Be it as it may, the Tribune article makes some questionable assumptions. Among them:
The afternoon’s festivities will be held to celebrate the passage of resolutions by the U.S. Congress this summer formally apologizing for the 1882 Chinese Exclusion Act, which denied citizenship and basic rights to Asians. – That whites are obligated to apologize for policies, meant to protect against invasion by foreigners, of past centuries. Have other races made similar apologies?
“Our voice is just kind of silenced,” says Ying, “There are so many other people speaking louder.”
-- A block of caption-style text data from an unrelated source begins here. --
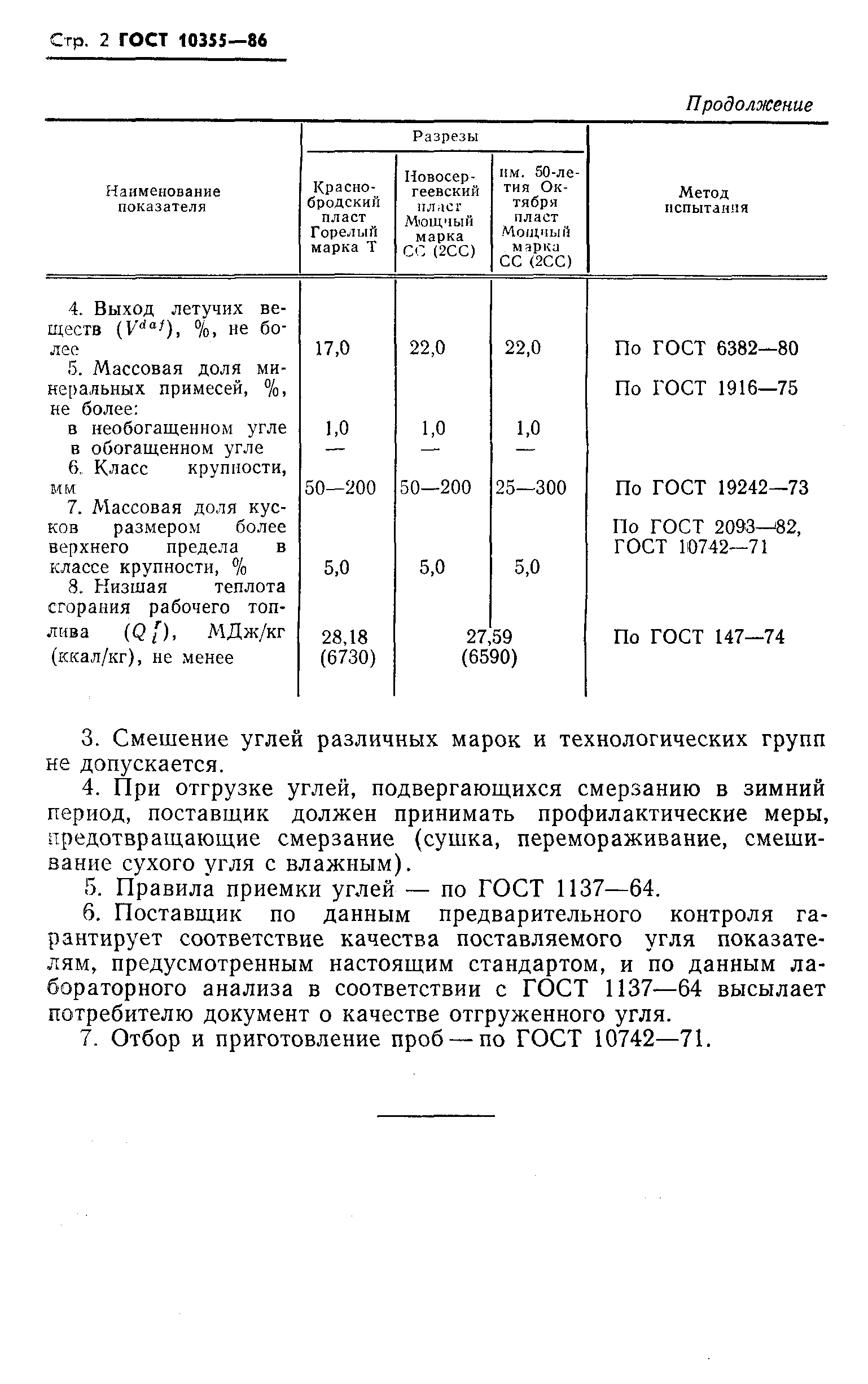 Страница 4 ГОСТ 10355-86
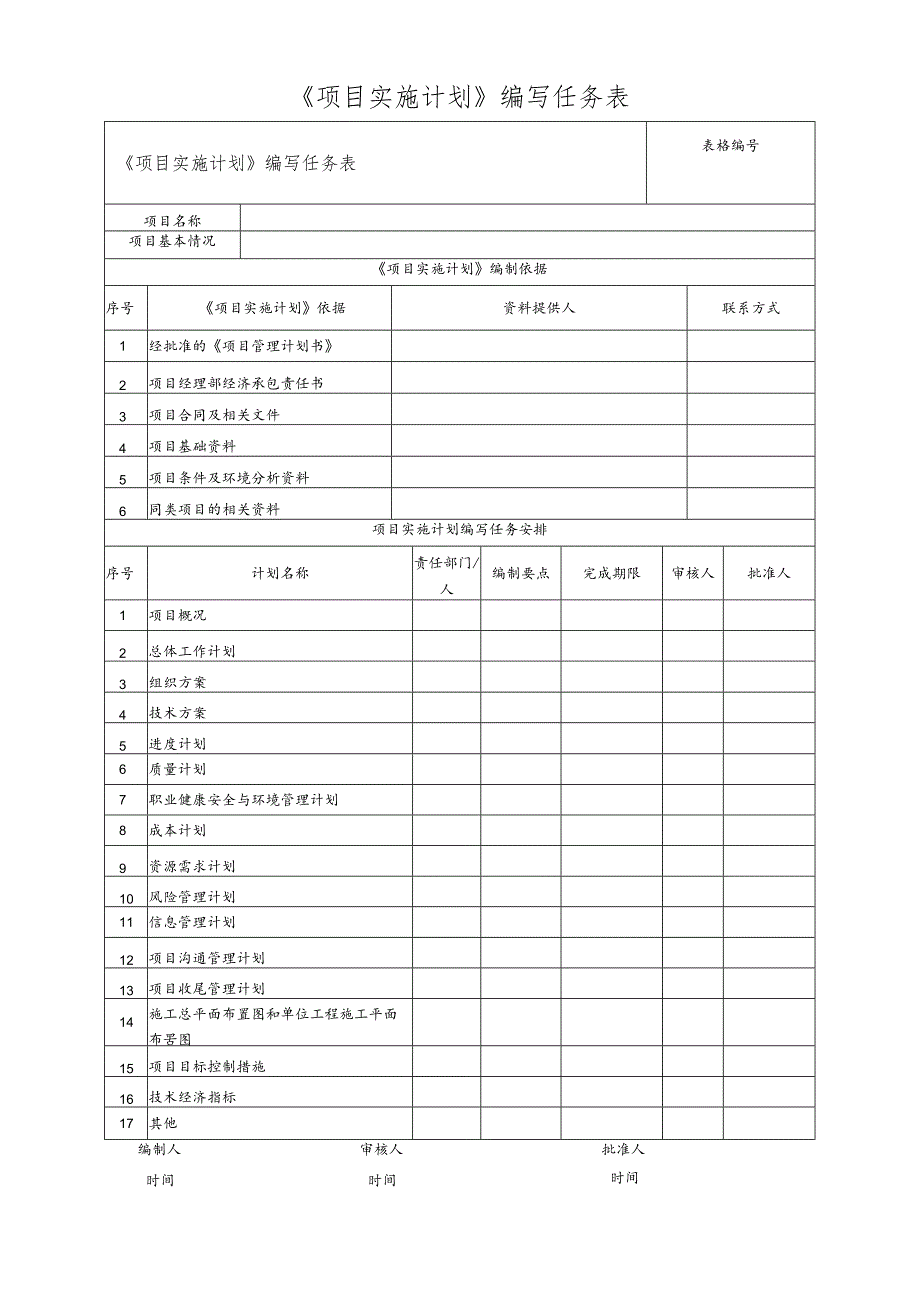 《项目实施计划》编写任务表.docx_第1页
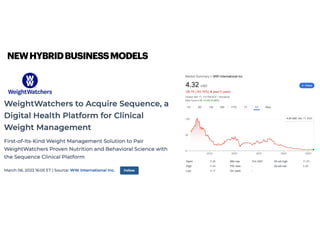 NEWHYBRIDBUSINESSMODELS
It doesn’t help when your minority is seen by many as problem-free. Or, that statistics appear to back up that sentiment. – That whites are always racist; whether they consider a minority problem-prone or problem-free, they’re “racist” either way.Incidentally, I’ve never heard of any group of people that is problem-free.
A recent Pew Research Center Study, “The Rise of Asian Americans,” reveals an astounding level of material, educational and cultural success among Asian immigrants nationwide. They are the most highly educated group of immigrants in U.S. history. More than half of all Asian Americans have obtained college degrees, nearly double the national rate for U.S. citizens. The average income for Asian-American families is about $66,000, compared to $50,000 for all Americans. - That “institutional racism” only works one way. When whites make less than Asians, it’s not a problem. But when Asians make less than whites, it’s a problem.
Crime and gangs in the Asian community are often ignored, they say, because they do not typically involve violence and the types of gangs behavior police associate with black and Hispanic gangs. - That violent gang behavior is not “associated with black and Hispanic gangs” but rather it’s the police who associate it with said gangs. In other words, the police are racist for noticing this pattern.
Asians in Portland haven’t spoken up to compete with other minorities for attention and resources, says Stephen Ying, Helen Ying’s husband and president of the Chinese Consolidated Benevolent Association, citing cultural taboos which make that nearly impossible. - That all minorities are entitled to “attention and resources” – while whites are not. If any minority is denied its share of the booty, it’s “institutional racism.”
But noise is starting to be made. Local Asian-Americans in the last few years have begun to form organizations such as the Asian Pacific American Network of Oregon to organize and lobby on their behalf. And this year, those organizations found a rallying point — a 205-page study by Portland State University social work professor Ann Curry-Stevens, who says institutional racism still exists throughout Multnomah County, and it’s keeping Asians down. - That non-whites can form racial lobbying groups and they’re expected to do so. We all know what happens when whites try the same thing.
I hope I live to see the day when similar articles, and studies, can be done about whites in America. When such articles will not only be widely published, but when people will be paid to write them. That such a thing is unthinkable in today’s America speaks volumes about who is truly being oppressed.